§ WORK TASK
Note on the material below: return exactly the lines from the line that holds "AQUOSwish SHG06 チャコール" through the line that holds "Eyeglasses Salvatore Ferragamo", and leave out each picture.

§ PROVIDED INFORMATION
---+---

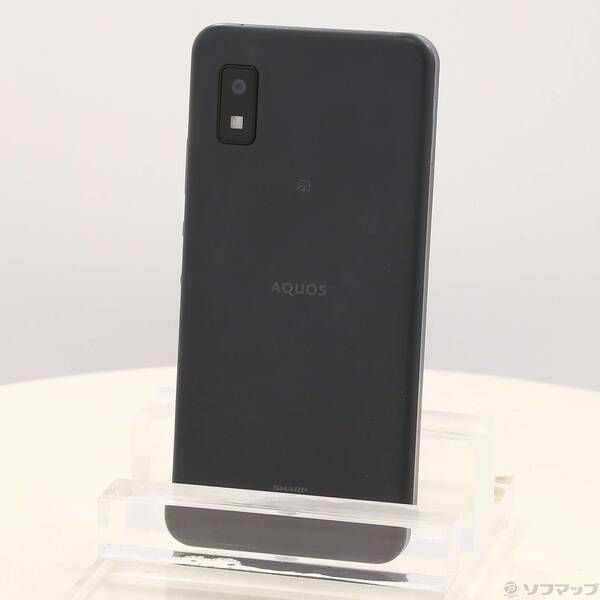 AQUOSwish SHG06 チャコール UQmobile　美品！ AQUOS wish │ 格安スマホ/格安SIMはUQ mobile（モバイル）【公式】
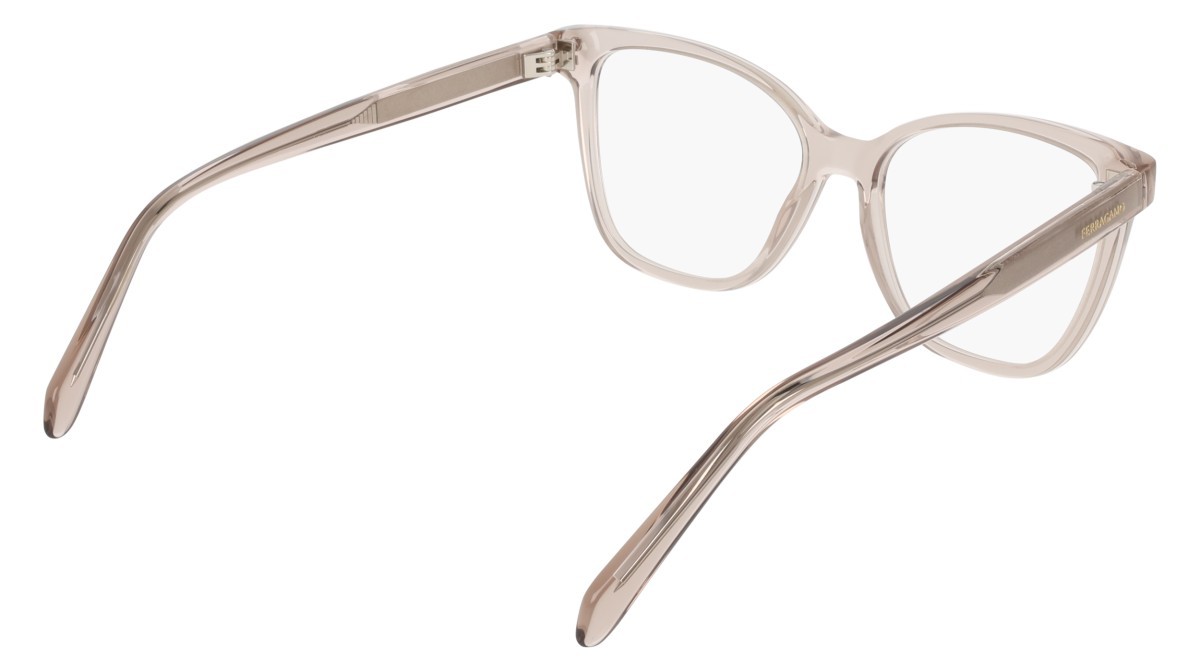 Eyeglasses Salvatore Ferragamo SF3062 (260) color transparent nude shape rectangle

---+---

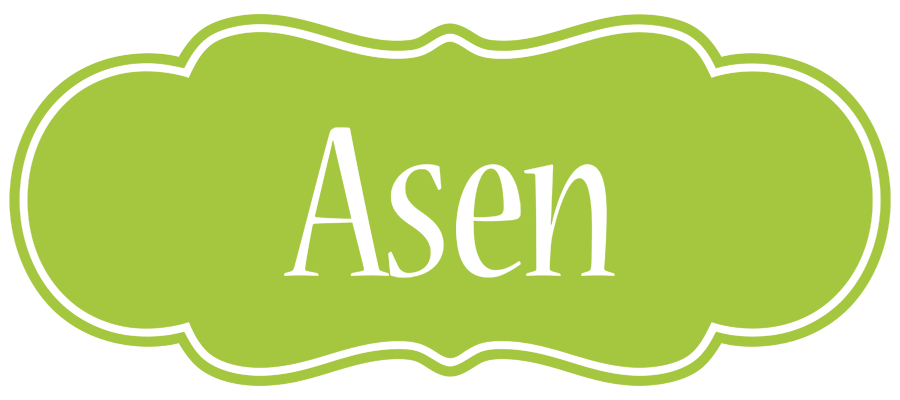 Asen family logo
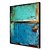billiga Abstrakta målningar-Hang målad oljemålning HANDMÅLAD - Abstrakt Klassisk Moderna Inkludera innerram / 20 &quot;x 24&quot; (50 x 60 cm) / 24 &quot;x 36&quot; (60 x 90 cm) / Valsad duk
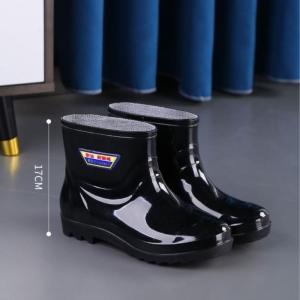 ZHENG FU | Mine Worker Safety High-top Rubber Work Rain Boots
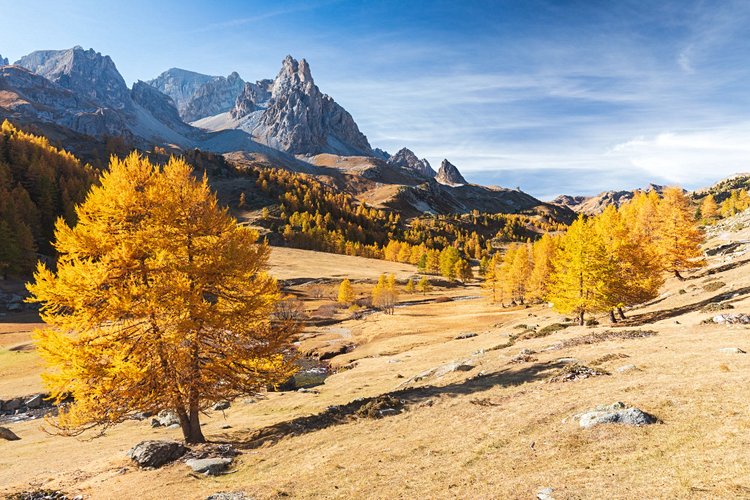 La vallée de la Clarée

---+---

§ RESULT BELOW
 AQUOSwish SHG06 チャコール UQmobile　美品！ AQUOS wish │ 格安スマホ/格安SIMはUQ mobile（モバイル）【公式】
 Eyeglasses Salvatore Ferragamo SF3062 (260) color transparent nude shape rectangle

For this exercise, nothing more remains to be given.